In a nutshell, the usual sequence occurred wherein the Israelites turned away from God, God decides to punish them, and after their suffering God repents and allows them to return.  In this passage, after the Israelites have been in exile for about 60 years, Ezekiel describes God’s forgiving the Israelites, allowing them to return to Israel, safety in their homeland and promising them good fortune. 
How often have we heard this story?  God gives man a good deal.  Man doesn’t listen.  God punishes man.  God forgives man.  God gives man a second/third/fourth chance.  You get the idea.  All God wants is for you to be faithful to Him.  Is that too much to ask?  In return you get all the gifts that God can bestow.  Yet we repeatedly fail to heed what God says, turn to sin, suffers sin’s trials and tribulations, and only are restored to God by His good Grace.
Would that we had the fortitude to not sin again.  But we don’t.  It is only through God’s good Grace and Jesus’ sacrifice that we are saved from our own frailty.  We don’t have the power on our own to resist Satan’s call.  But with true repentance and belief we can ask for and receive forgiveness for our sins.
There is very little we can accomplish on our own, but with the Gospel to guide us, Jesus’s sacrifice to take away our sins, God’s Grace to strengthen us, and God’s never ending mercy, there is nothing we can’t do in His name.

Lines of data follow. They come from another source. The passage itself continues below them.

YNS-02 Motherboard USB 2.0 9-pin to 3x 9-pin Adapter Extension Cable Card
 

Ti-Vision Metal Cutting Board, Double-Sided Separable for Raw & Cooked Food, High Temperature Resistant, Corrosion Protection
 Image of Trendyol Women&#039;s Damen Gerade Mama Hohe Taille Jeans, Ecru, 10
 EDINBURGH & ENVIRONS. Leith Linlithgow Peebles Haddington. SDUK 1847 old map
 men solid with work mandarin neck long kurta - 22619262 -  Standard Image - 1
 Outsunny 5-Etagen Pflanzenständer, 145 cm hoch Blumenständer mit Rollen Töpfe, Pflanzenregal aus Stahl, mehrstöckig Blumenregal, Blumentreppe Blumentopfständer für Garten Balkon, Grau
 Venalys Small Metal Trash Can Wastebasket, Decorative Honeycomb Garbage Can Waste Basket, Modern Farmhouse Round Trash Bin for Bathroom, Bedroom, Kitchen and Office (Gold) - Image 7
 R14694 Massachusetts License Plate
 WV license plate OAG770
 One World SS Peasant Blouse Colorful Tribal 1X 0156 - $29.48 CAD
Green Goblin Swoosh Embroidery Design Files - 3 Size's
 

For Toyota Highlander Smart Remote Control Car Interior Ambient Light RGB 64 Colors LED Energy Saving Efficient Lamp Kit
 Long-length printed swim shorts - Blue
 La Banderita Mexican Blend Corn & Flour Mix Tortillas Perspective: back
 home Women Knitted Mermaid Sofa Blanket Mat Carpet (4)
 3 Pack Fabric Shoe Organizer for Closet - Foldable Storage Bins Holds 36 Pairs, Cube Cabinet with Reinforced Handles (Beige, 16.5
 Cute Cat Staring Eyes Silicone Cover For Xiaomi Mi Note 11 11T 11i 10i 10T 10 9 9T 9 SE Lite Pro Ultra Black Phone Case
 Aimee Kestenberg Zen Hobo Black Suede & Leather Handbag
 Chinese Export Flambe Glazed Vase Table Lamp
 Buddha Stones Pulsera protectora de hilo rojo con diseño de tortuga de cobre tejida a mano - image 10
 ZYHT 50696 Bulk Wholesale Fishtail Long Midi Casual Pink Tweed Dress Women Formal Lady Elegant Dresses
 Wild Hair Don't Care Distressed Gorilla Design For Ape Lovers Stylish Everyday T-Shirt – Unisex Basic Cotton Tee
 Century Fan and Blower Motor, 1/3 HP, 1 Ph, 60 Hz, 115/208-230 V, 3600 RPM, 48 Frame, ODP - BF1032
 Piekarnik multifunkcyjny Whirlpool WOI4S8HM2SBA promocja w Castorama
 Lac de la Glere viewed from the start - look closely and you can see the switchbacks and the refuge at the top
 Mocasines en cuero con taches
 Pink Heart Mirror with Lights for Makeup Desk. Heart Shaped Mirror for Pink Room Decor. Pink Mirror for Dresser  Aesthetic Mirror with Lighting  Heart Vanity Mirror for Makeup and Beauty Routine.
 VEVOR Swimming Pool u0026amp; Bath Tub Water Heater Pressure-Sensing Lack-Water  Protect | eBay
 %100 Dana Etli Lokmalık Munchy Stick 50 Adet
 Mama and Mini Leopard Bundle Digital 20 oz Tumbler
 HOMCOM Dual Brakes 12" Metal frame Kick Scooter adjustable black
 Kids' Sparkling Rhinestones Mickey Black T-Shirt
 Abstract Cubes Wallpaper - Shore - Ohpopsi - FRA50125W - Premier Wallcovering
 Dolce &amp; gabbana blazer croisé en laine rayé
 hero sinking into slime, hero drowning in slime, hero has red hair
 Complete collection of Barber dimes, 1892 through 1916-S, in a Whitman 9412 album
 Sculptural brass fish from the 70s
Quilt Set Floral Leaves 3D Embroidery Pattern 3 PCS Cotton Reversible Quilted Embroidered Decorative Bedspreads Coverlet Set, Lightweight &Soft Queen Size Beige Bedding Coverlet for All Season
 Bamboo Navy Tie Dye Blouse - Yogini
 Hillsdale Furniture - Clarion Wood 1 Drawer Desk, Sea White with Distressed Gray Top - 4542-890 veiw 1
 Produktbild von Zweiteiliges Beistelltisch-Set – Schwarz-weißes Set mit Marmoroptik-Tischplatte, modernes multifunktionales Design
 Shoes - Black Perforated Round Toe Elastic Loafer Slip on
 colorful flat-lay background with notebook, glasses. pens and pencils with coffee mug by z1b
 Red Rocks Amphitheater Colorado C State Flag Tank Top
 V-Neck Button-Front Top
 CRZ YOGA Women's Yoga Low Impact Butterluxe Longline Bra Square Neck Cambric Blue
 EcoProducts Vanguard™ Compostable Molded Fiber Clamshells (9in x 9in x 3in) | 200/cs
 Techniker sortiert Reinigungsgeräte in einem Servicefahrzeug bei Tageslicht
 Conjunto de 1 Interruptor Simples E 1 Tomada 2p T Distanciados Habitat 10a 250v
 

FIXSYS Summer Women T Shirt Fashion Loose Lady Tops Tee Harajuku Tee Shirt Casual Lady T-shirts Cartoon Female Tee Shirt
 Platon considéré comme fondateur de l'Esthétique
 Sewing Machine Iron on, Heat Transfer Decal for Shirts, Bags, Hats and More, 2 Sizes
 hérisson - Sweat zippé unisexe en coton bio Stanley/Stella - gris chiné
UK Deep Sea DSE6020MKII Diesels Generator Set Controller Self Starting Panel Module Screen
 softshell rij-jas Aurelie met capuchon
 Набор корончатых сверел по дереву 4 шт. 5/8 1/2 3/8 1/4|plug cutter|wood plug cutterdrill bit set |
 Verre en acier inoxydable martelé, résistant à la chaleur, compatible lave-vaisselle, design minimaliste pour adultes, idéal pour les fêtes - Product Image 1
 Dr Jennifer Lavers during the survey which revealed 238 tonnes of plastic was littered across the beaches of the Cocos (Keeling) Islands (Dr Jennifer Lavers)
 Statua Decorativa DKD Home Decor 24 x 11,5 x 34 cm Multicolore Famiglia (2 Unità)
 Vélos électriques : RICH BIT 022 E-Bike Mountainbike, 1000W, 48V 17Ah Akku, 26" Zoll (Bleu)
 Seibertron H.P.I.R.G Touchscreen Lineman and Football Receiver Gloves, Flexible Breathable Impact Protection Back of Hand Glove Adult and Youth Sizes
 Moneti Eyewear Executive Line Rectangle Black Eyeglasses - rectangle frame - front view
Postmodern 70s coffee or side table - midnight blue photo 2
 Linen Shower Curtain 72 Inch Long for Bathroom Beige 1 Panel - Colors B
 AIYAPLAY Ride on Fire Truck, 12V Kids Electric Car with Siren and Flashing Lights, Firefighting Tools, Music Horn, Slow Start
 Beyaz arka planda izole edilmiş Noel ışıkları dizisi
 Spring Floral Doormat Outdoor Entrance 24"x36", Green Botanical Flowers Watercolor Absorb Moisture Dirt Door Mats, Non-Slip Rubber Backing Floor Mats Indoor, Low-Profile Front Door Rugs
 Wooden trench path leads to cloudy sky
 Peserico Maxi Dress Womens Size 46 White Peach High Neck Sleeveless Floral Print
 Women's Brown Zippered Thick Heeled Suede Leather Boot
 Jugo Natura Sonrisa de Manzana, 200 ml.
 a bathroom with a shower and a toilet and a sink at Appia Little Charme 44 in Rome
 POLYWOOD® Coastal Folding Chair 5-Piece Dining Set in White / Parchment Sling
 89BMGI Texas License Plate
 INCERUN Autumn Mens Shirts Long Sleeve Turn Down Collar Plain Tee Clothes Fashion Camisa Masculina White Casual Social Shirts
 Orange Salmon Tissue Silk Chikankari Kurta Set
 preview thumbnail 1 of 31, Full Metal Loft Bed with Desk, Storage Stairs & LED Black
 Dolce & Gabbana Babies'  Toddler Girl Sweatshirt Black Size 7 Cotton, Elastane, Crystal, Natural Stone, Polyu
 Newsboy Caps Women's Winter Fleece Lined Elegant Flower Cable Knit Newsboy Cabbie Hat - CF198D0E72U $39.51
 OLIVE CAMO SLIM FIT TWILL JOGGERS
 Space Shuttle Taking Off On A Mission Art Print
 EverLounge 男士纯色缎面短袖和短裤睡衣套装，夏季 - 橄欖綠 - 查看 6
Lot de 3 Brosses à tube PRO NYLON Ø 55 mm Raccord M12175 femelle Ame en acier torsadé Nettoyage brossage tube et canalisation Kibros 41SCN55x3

Prayer: Gracious Lord, you show us undeserved mercy throughout the ages.  We once again beseech you to let your Grace shine upon us, even though we have done little to merit it.  We all too often stop listening to you and turn away, following our own paths instead of your will.  For this, we ask for your forgiveness as we turn back to your Word.  We ask this in Jesus’ name. Amen.